In this dissertation, the effect of radiation on magnetohydrodynamic (MHD) free convection flow along a vertical flat plate in presence of Joule heating and heat generation have been investigated. The governing equations associated with the conduction based boundary conditions are transformed into dimensionless form employing the appropriate transformations and then solved numerically using the implicit finite difference method with Keller box scheme (1978). The numerical solutions are obtained in terms of velocity profiles, temperature distributions, skin friction coefficient, surface temperature distributions and heat transfer rate and then presented graphically and discussed. Afterward, the above effects on MHD free convection boundary layer flow with viscous dissipation are also analyzed. A complete parametric analysis is done on these numerical results to show the effects of the magnetic parameter, radiation parameter, Joule heating parameter, heat generation parameter and Prandtl number.

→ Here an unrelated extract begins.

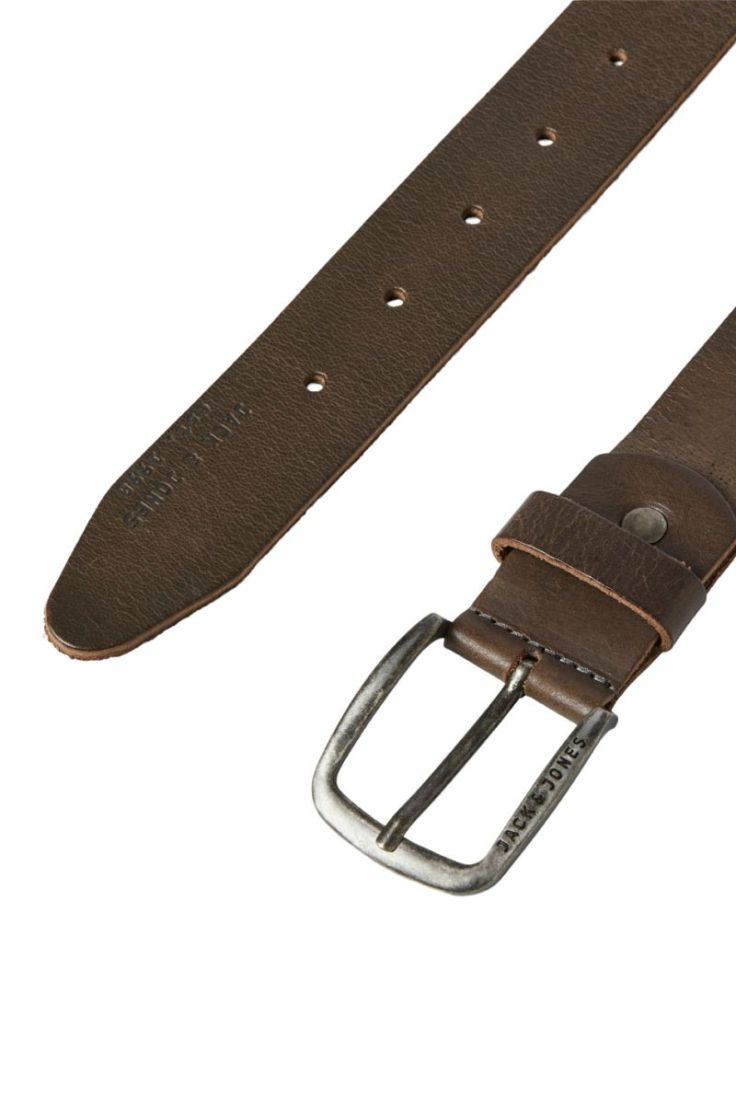 jacpaul jjleather belt castlerock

It is found that radiation, Joule heating and heat generation play significant role on MHD natural convection flow during heat transfer. It is also found that the velocity and temperature of the fluid within the boundary layer and the skin friction and surface temperature along the plate increase due to the effect of viscous dissipation parameter. To illustrate the accuracy of the results, the present results for the local skin friction and surface temperature distribution excluding the effects of radiation, Joule heating and heat generation are compared with the results of Merkin and Pop (1996) and Alim et al. (2008) designed for the fixed value of Prandtl number and an excellent agreement were found.